In line with these observations, tumors can also endorse the adaptive immune system to escape from antiangiogenic therapy. Recent studies have shown that relapsing tumors upregulated the negative immune checkpoint regulator, programmed cell death-ligand 1 (PD-L1), in tumor and stromal cell constituents (183, 184). As a result of PD-L1 binding PD-1 on the surface of activated T cells, T cell anergy or exhaustion was produced, which thereby triggered immunosuppression. Combining immunotherapy using anti-PD-L1 with antiangiogenic therapy (either anti-VEGF or anti-VEGF/Ang2) had reciprocally beneficial effects in that immunotherapy targeted evasion from antiangiogenic therapy, whereas vascular normalization elicited by antiangiogenic treatment could increase lymphocyte infiltration and activation (183, 184). Surprisingly, in successfully treated tumors, antiangiogenic immunotherapy induced high endothelial venule (HEV)-like structures that are normally found in secondary lymphoid organs and specialized to facilitate lymphocyte trafficking (185). Indeed, intratumoral HEVs substantially enhanced cytotoxic T cell infiltration and activity, and thereby furthered tumor cell destruction, leading to overall improved outcome (183).

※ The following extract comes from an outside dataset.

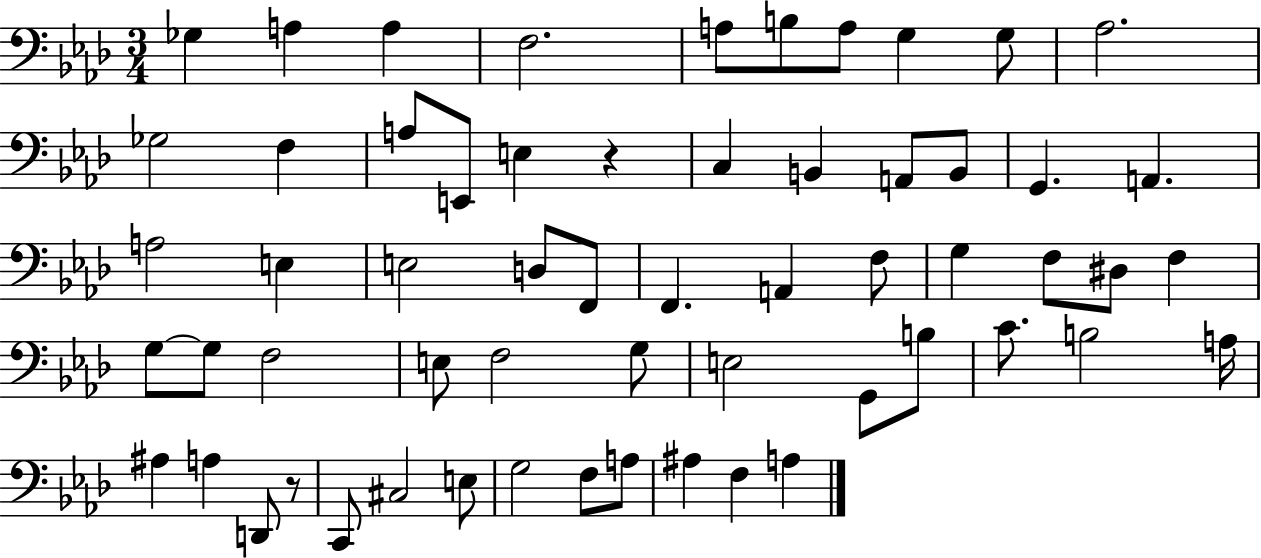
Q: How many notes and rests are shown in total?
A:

These preclinical studies support the notion that immune checkpoint inhibitors can sensitize and prolong efficacy of the VEGF signaling blockade and, conversely, antiangiogenic therapy can improve immunotherapy by supporting vascular changes such as vessel normalization and HEV formation in tumors.

Further support for this concept stems from a recent study by Tian and colleagues (161, 186) who demonstrated that intratumoral T lymphocyte infiltration promoted blood vessel normalization; in addition, a normalized vasculature has the ability to enhance T cell infiltration. Mice deficient in CD4 and CD8 T cells involved tumors with more abnormal tumor vessels and hypoxic areas than those of CD4- and CD8-proficient mice. Checkpoint immunotherapy (anti-PD1 and/or anti-CTLA4) or adoptive Th1 transfer generating activated cytotoxic T cells in tumor model systems was sufficient to induce blood vessel normalization and reduce both hypoxia and metastases. These results were congruent with a normalization plus T cell receptor signaling pathway signature obtained by transcriptional profiling of patient tumors and was associated with good prognosis. These studies provide evidence in patient-derived tumors that blood vessel normalization and T lymphocyte infiltration provide positive feedback loops conferred by each compartment. They also underscore the notion that tumor vessels can be modified by the immune system, which enables enhanced T cell infiltration and improves immunotherapies.

CONCLUSION: FROM MOUSE TO HUMAN—ADVANTAGES AND LIMITATIONS

Although the mouse tumor model systems discussed in this review have greatly helped to elucidate the various mechanistic underpinnings of myeloid-directed tumor angiogenesis and adaptive tumor resistance, it remains to be validated to which extent some of these mechanisms are also functionally implicated and significant in the human tumor setting. Notably, a number of clinical trials ( NCT03024437, NCT02659384, NCT02873962, and NCT02017717) are already evaluating combinatorial approaches of VEGF/VEGFR and PD-1/PD-L1 inhibition for a number of cancer types, such as renal cell carcinoma, colorectal cancer, ovarian cancer, and recurrent glioblastoma. Thus, ongoing clinical trials already combine antiangiogenic agents and immunotherapies such as immune checkpoint blockade or target innate immune cells as well as various approaches to enhance infiltration and activation of T cells. These trials will be instrumental to validate the concept of targeting the functional and regulatory interaction between the immune system and vascular system in cancer (187–189).